- _WORK TO BE COMPLETED_
Pictures aside, repeat every entry exactly.

- _DATA EXTRACT_
-------------------------

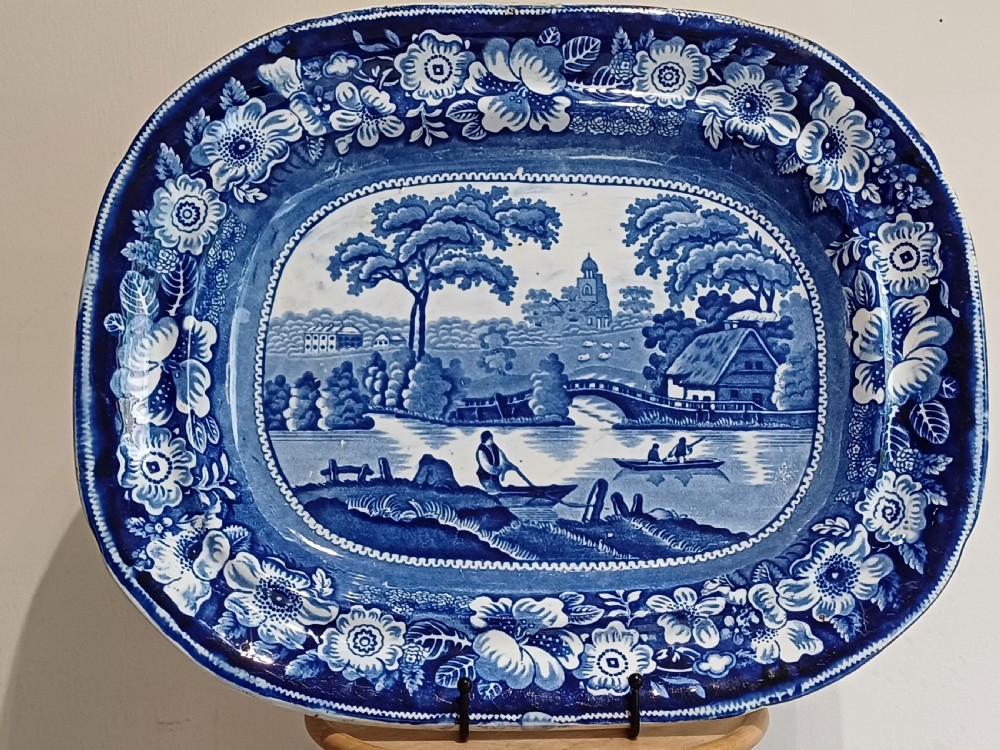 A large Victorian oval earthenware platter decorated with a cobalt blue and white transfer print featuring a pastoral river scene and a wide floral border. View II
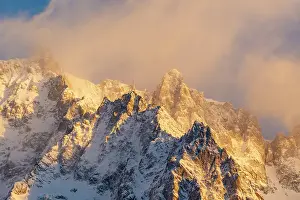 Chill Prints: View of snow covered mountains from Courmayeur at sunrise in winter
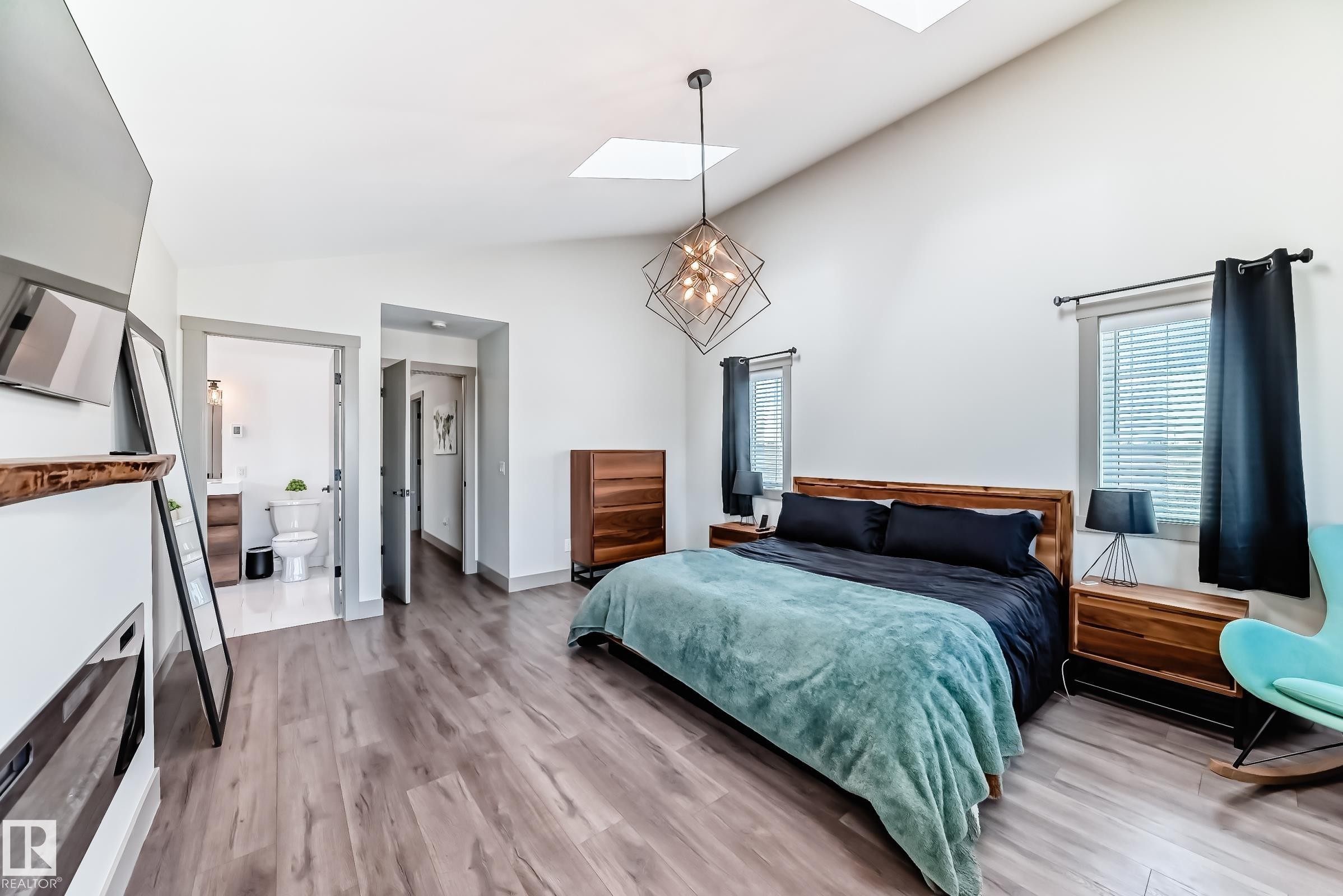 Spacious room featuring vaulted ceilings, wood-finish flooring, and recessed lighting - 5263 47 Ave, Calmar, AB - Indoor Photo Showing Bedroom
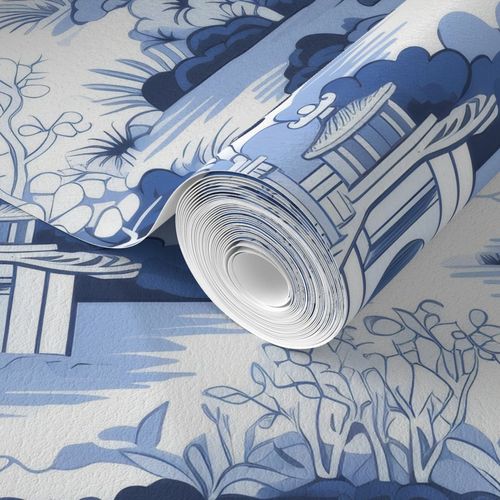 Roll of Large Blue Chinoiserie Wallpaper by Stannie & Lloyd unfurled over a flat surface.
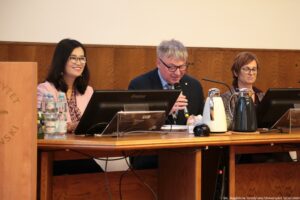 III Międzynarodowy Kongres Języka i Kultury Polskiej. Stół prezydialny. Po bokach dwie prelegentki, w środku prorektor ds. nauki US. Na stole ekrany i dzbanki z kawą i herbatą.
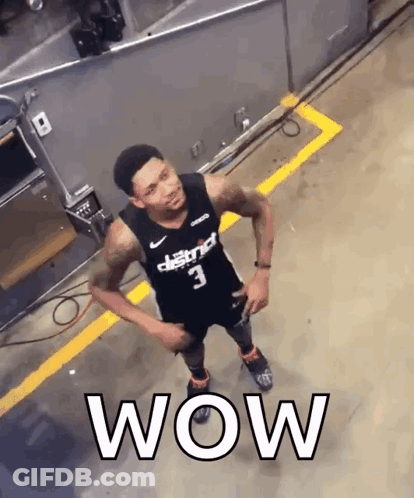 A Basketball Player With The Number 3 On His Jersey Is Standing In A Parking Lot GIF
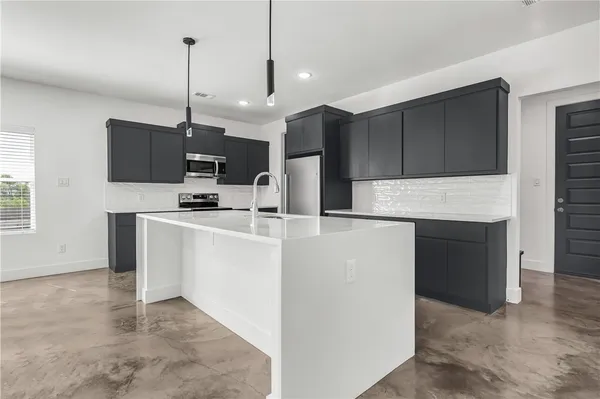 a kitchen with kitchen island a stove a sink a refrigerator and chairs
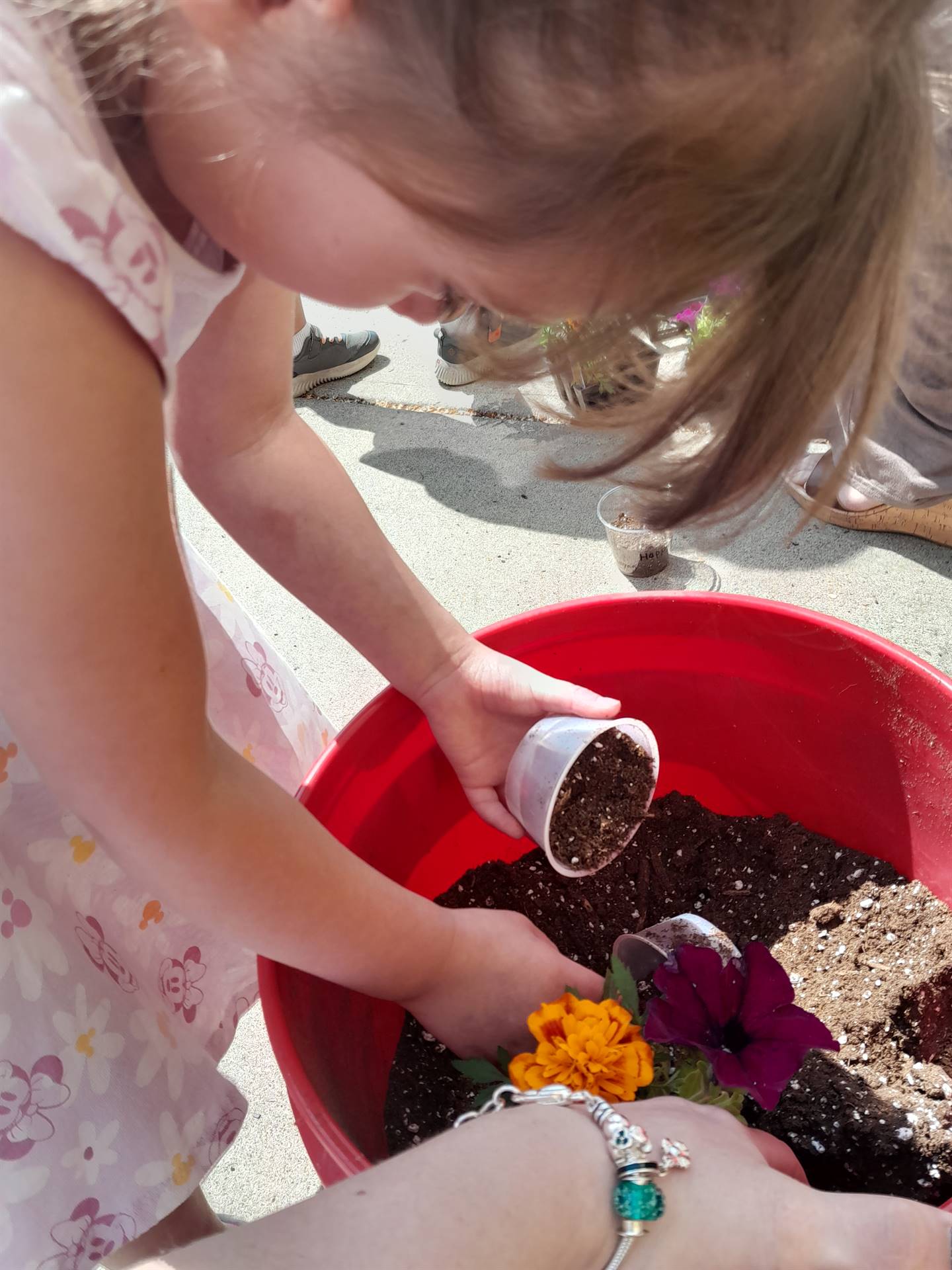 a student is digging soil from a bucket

-------------------------

- _EXERCISE OUTPUT_
 A large Victorian oval earthenware platter decorated with a cobalt blue and white transfer print featuring a pastoral river scene and a wide floral border. View II
 Chill Prints: View of snow covered mountains from Courmayeur at sunrise in winter
 Spacious room featuring vaulted ceilings, wood-finish flooring, and recessed lighting - 5263 47 Ave, Calmar, AB - Indoor Photo Showing Bedroom
 Roll of Large Blue Chinoiserie Wallpaper by Stannie & Lloyd unfurled over a flat surface.
 III Międzynarodowy Kongres Języka i Kultury Polskiej. Stół prezydialny. Po bokach dwie prelegentki, w środku prorektor ds. nauki US. Na stole ekrany i dzbanki z kawą i herbatą.
 A Basketball Player With The Number 3 On His Jersey Is Standing In A Parking Lot GIF
 a kitchen with kitchen island a stove a sink a refrigerator and chairs
 a student is digging soil from a bucket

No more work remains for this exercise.